Crapo calls for 'bipartisan, common-sense' reform of financial regulations

Senate Banking Committee chairman says regulatory burden 'is becoming as big an issue as the tax code'

May 17, 2017 @ 4:22 pm

By Mark Schoeff Jr.

Reducing federal financial regulations is the top priority for the Senate Banking Committee, its leader said on Wednesday.

Sen. Mike Crapo, R-Idaho and chairman of the panel, said that excessive regulation holds back the economy.

"It's becoming as big an issue as the tax code and the national debt in term of big-ticket issues we need to face and deal with in America," Mr. Crapo said at the Financial Industry Regulatory Authority Inc.'s annual conference in Washington. "Our goals should be to promote smart, efficient, better regulation, not just more regulation."

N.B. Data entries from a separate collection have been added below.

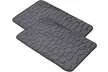 One or Two Memory Foam Bath Mats - Image 3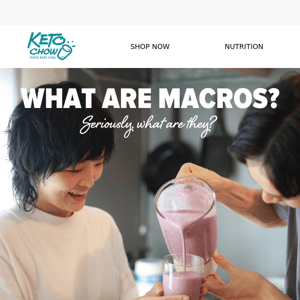 What are macros?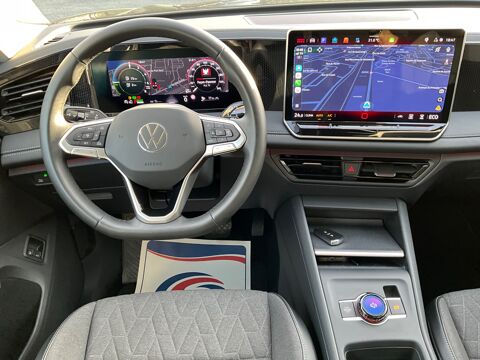 Tiguan 1.5 TSI e-HYBRID 204H 150 HYBRID EDITION DSG 2025 occasion 17000 La Rochelle
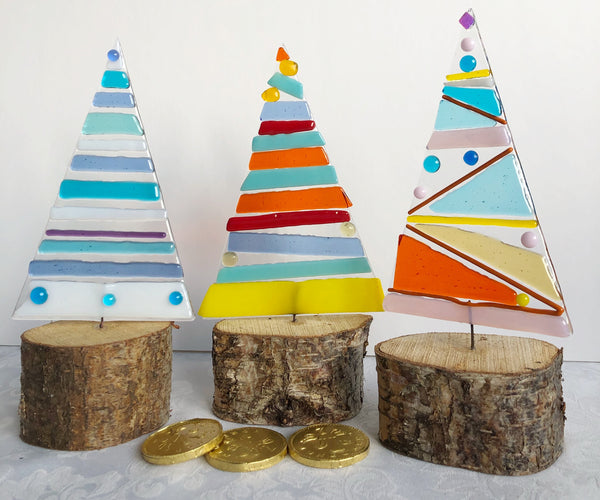 Wibbly Wobbly Christmas Tree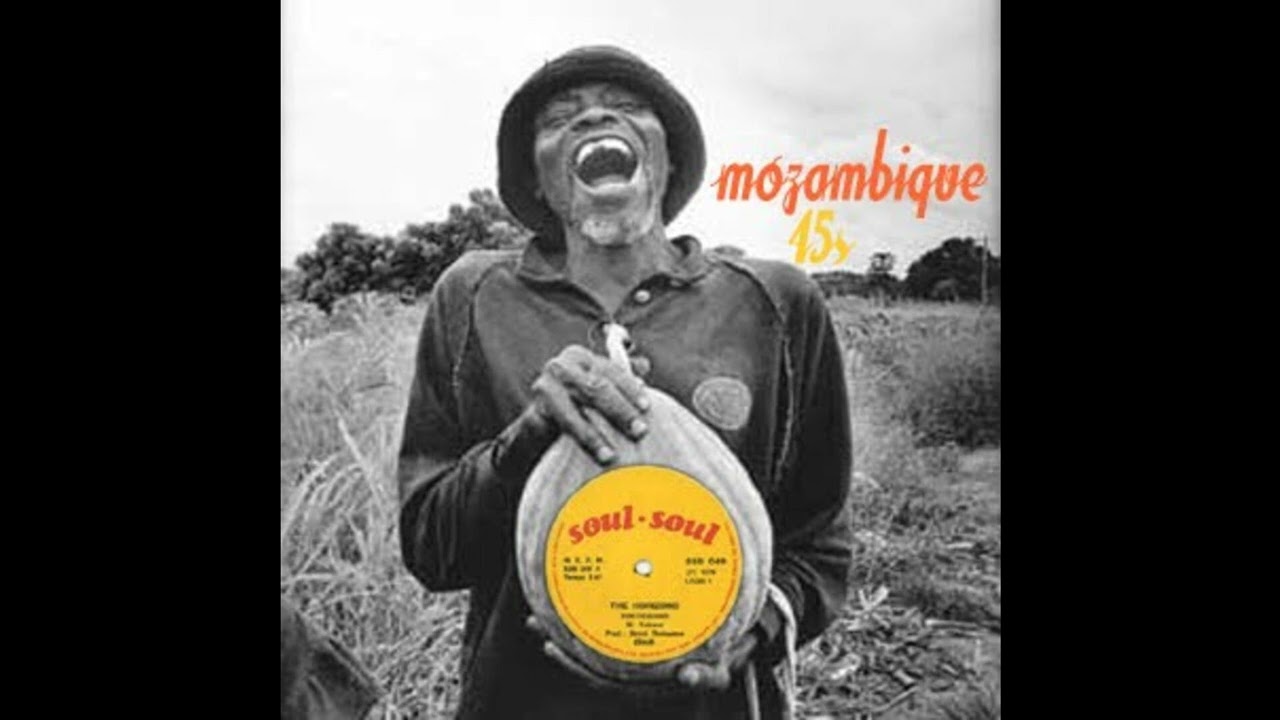 Titos Chichava - Nwananga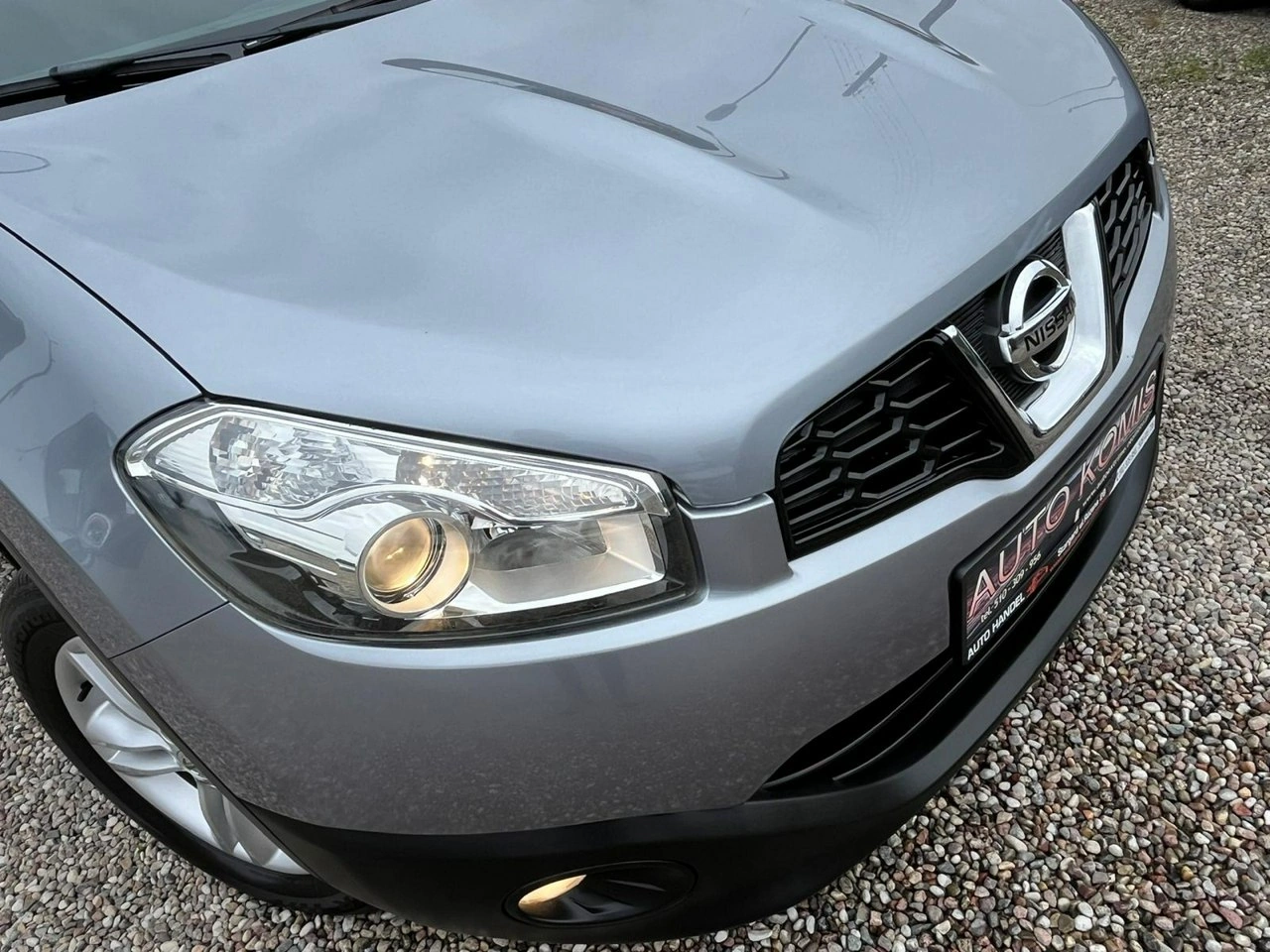 Nissan Qashqai - Zdjęcie 30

He said the Treasury Department's review of financial rules, a directive from President Donald J. Trump, gives the issue momentum.

"We will have a strong grounding from which to build a common-sense financial regulation reform process in America," Mr. Crapo said. "My goal this Congress is to work in a bipartisan manner with members of the Senate Banking Committee, the administration, with [House Financial Services Committee] Chairman [Jeb] Hensarling [R-Texas] and with the regulators to strike a smart balance with thoughtful regulation that promotes economic growth."

Mr. Crapo's insistence on generating support from both sides of the aisle could cause problems in the Senate for Mr. Hensarling's bill that would overhaul the Dodd-Frank financial reform law. That measure was recently approved on a party-line vote in committee and could reach the House floor next week. It contains a provision that would kill the Labor Department's fiduciary duty rule.

Mr. Crapo said that his panel is seeking "bipartisan support for legislation." An example is a bill it approved earlier this spring that would ease restrictions on brokers' dissemination of research on exchange traded funds.

At that hearing, Democrats on the committee advocated legislation that would require Finra to establish a fund to pay arbitration awards to investors who are stiffed by losing brokerages that declare bankruptcy. The Finra board last week advanced a measure that addresses unpaid arbitration claims but doesn't set up an insurance fund.

Finra reform is not yet rising on the Senate Banking Committee agenda.

"Yes, there's been some discussion, but it's always a general process, not in detail," Mr. Crapo told reporters after his speech.

Mr. Crapo, whose former aide Gregory J. Dean Jr. is now Finra senior vice president for government affairs, praised Finra's recently launched self-assessment initiative, Finra 360.

"More folks see that Finra is listening to its members and to the public and, I might add, to members of Congress," Mr. Crapo said. "Finra 360 will create a framework for the organization to convert feedback and input into action — action that will result in continued progress."